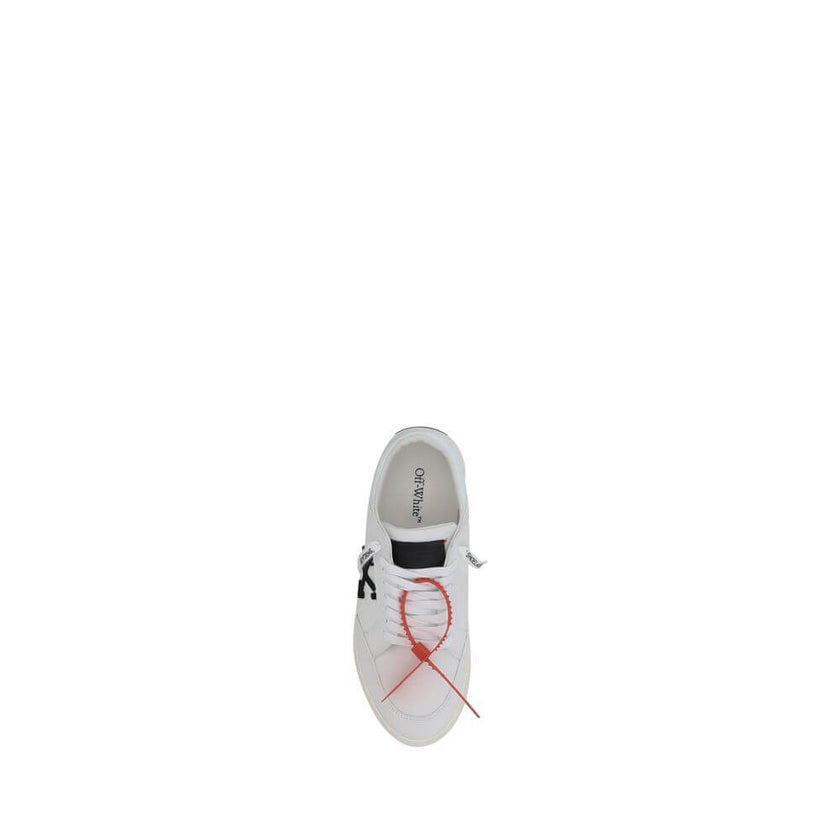 White Rubber Low Top SneakersCotton New Low Vulcanized Sneakers by Off-White feature a lace-up front closure and a round toe. The side panels are decorated with the brand’s iconic Arrow logo, while the flat sole ensures comfort. A distinctive detail is th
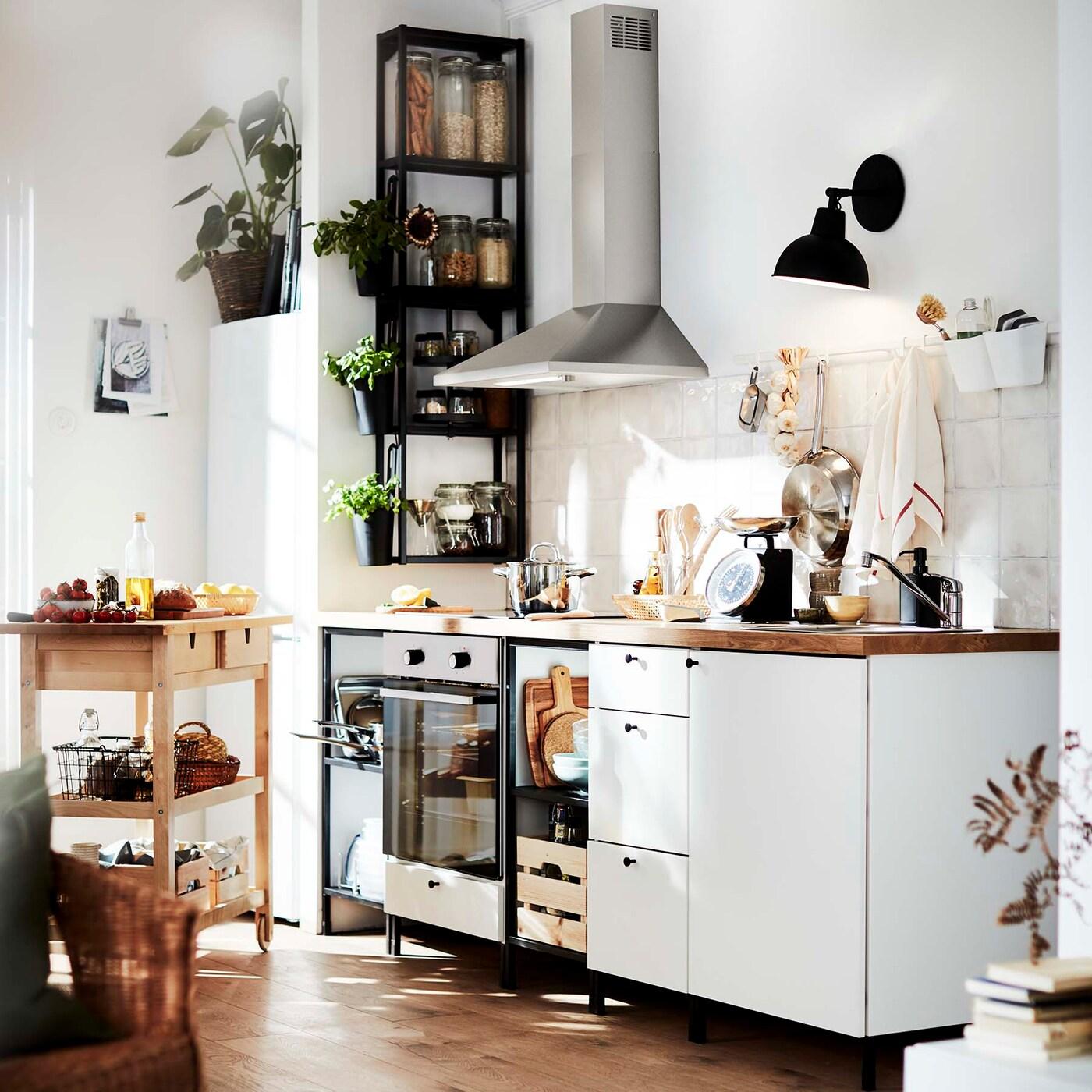 Seinään kiinnitettävät RYTMISK-liesituuletin ja SKURUP-valaisin säästävät tilaa vaaleassa ENHET keittiössä.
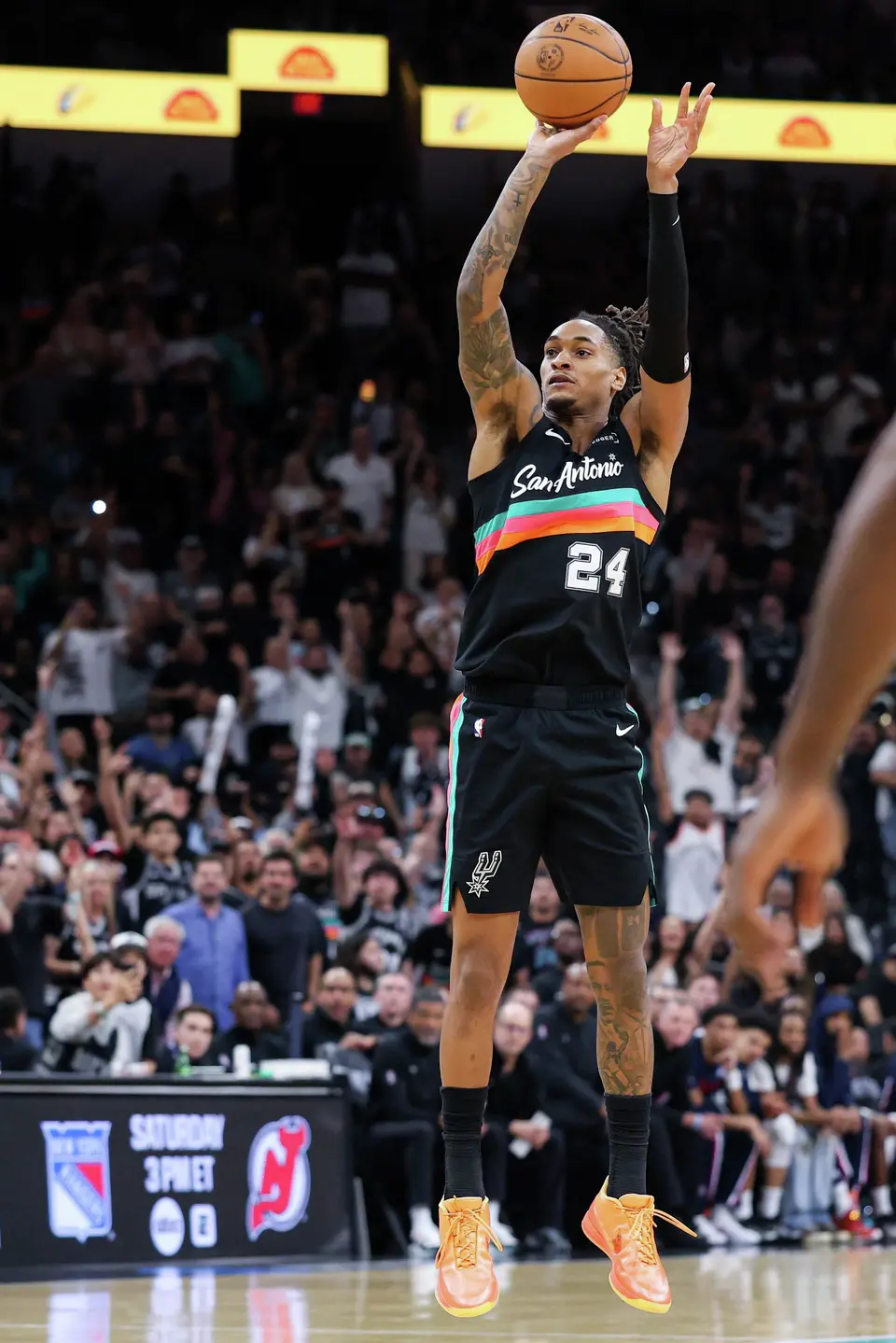San Antonio Spurs guard Devin Vassell (24) makes a three-pointer over the LA Clippers during the fourth quarter at Frost Bank Center in San Antonio, Friday, March 6, 2026. The Spurs defeated the Clippers 116-112.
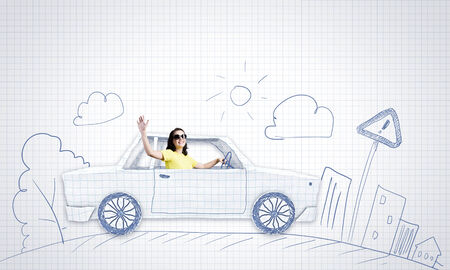 Young woman riding car made of list of paperの写真素材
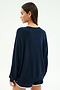 A woman stands facing away from the camera, wearing the SPLITS59 Andie Oversized Fleece Varsity Graphic Sweatshirt in Indigo and black shorts with white trim against a plain light background.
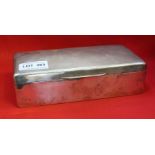 A hallmarked silver cigarette box with engine turned hinge lid 18.5 x 8.5 x 5.5 cm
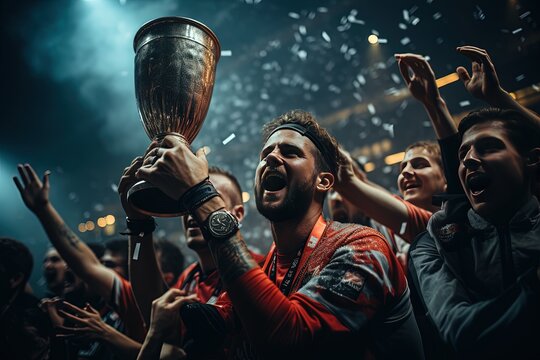 A scene of pure elation unfolds as soccer players raise the coveted championship trophy high above their heads, basking in the glory of their triumph in football finals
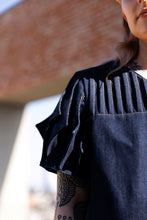 Load image into Gallery viewer, Close up of shoulder, model wears a denim top with pleated detailing at shoulder, and sleeve cap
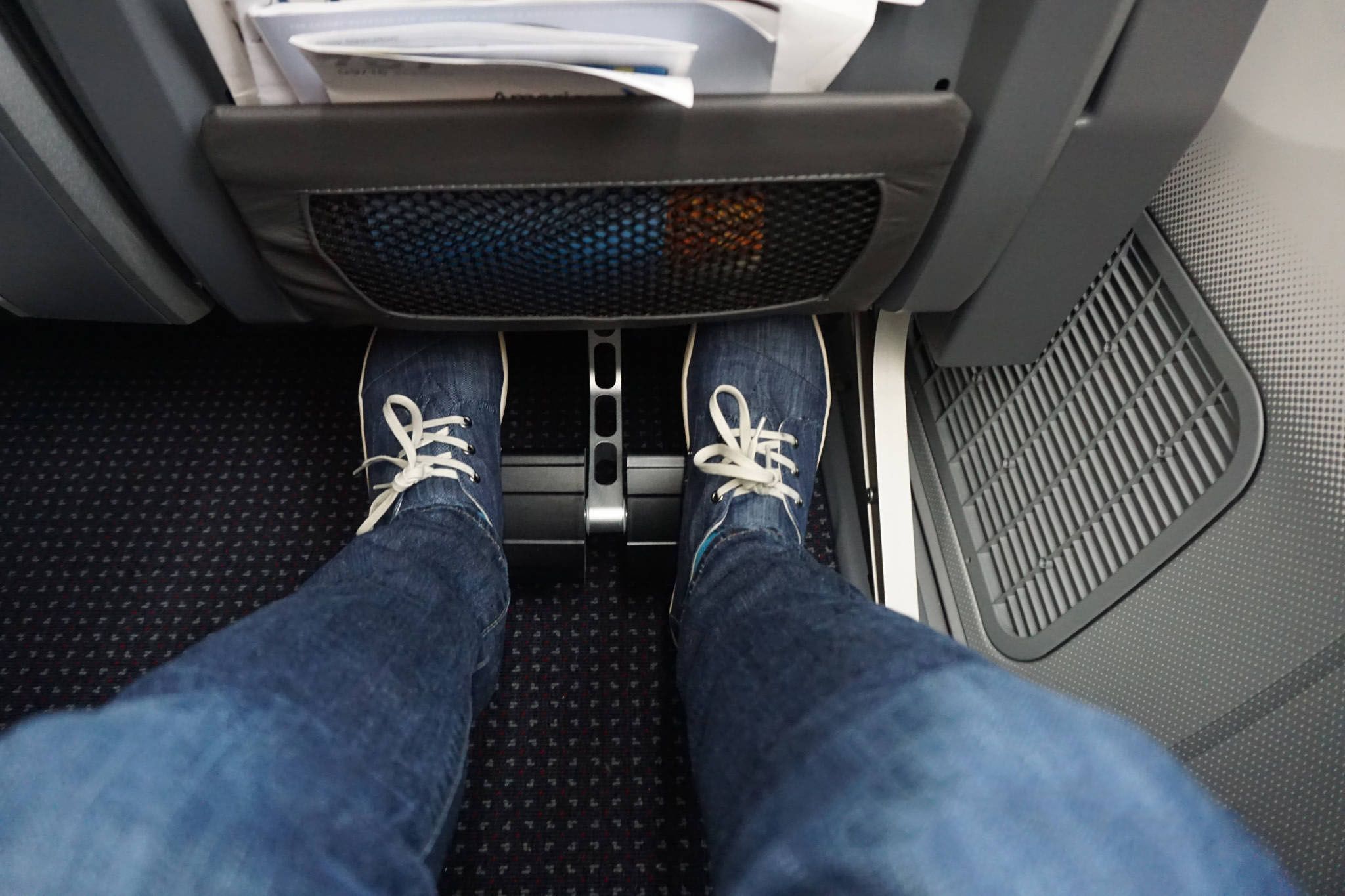 Feet with not a lot of room in Premium economy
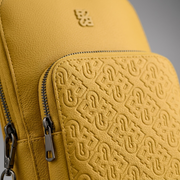 Macro detail of the Bugatti sling bag focusing on the textured yellow leather, embossed logo, and metal hardware.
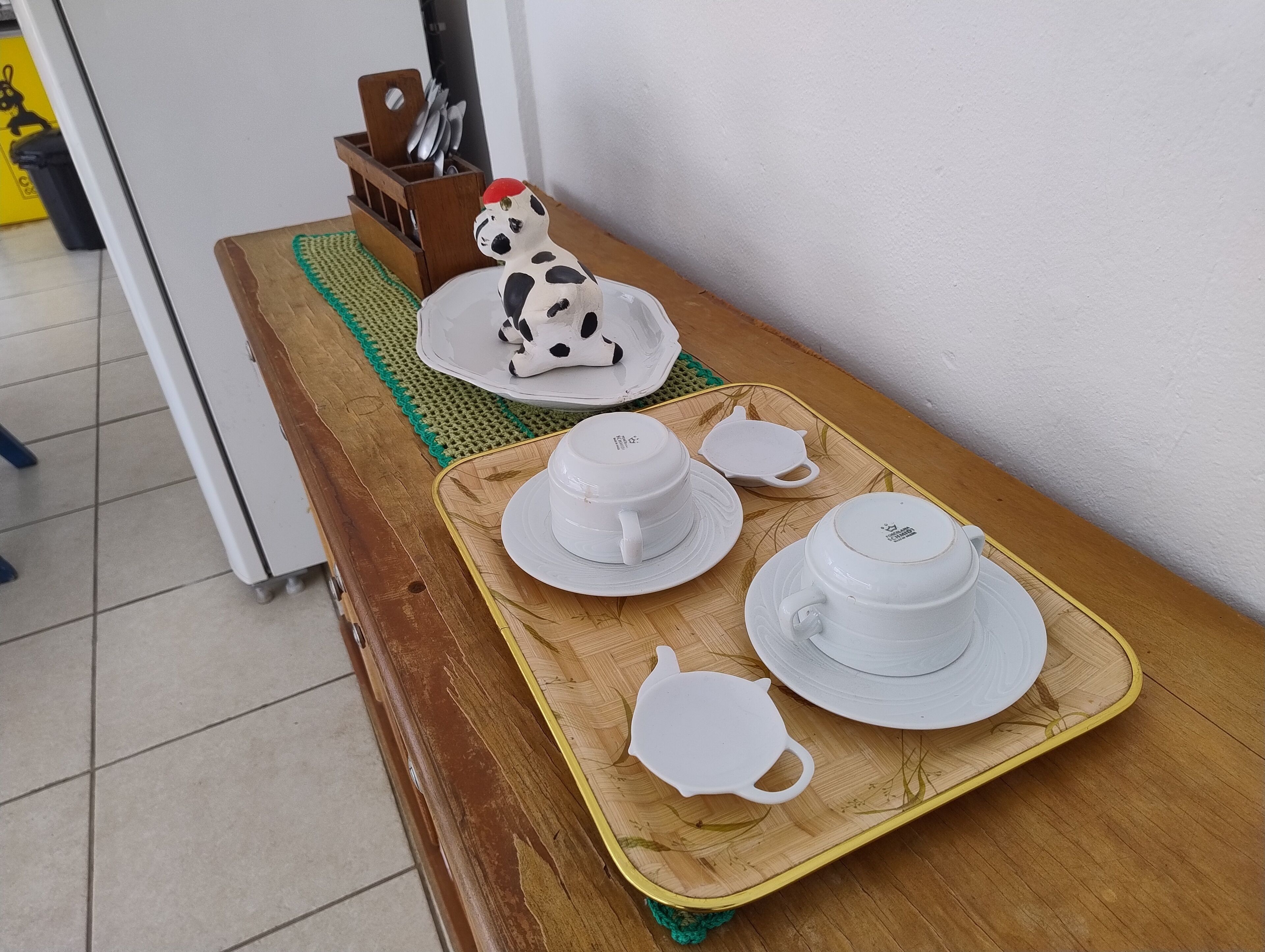 Una mesa de madera con una bandeja que sostiene tazas y platillos blancos, un calentador de té y una pequeña figurita de vaca.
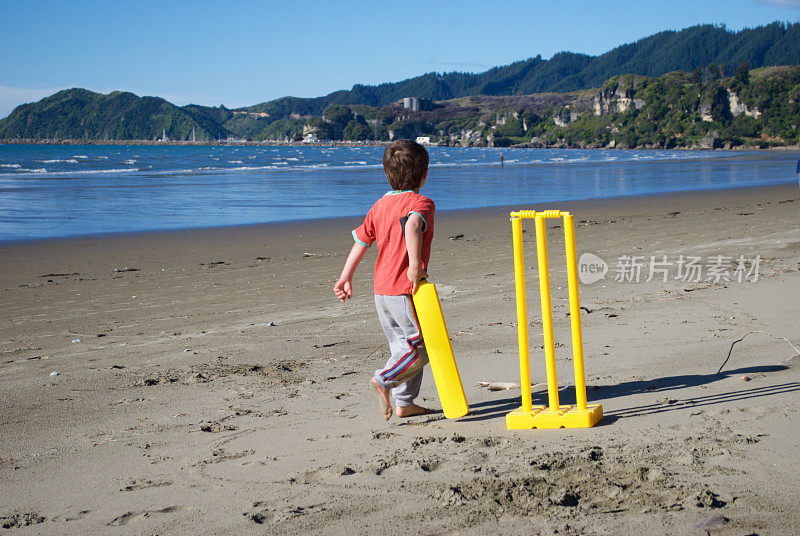 男孩在沙滩上打板球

» Work instruction: Lines from the one containing "Una mesa de" through the end of the listing, both included, are to be restated exactly, and pictures are to be left out.

» Response to the exercise:
 Una mesa de madera con una bandeja que sostiene tazas y platillos blancos, un calentador de té y una pequeña figurita de vaca.
 男孩在沙滩上打板球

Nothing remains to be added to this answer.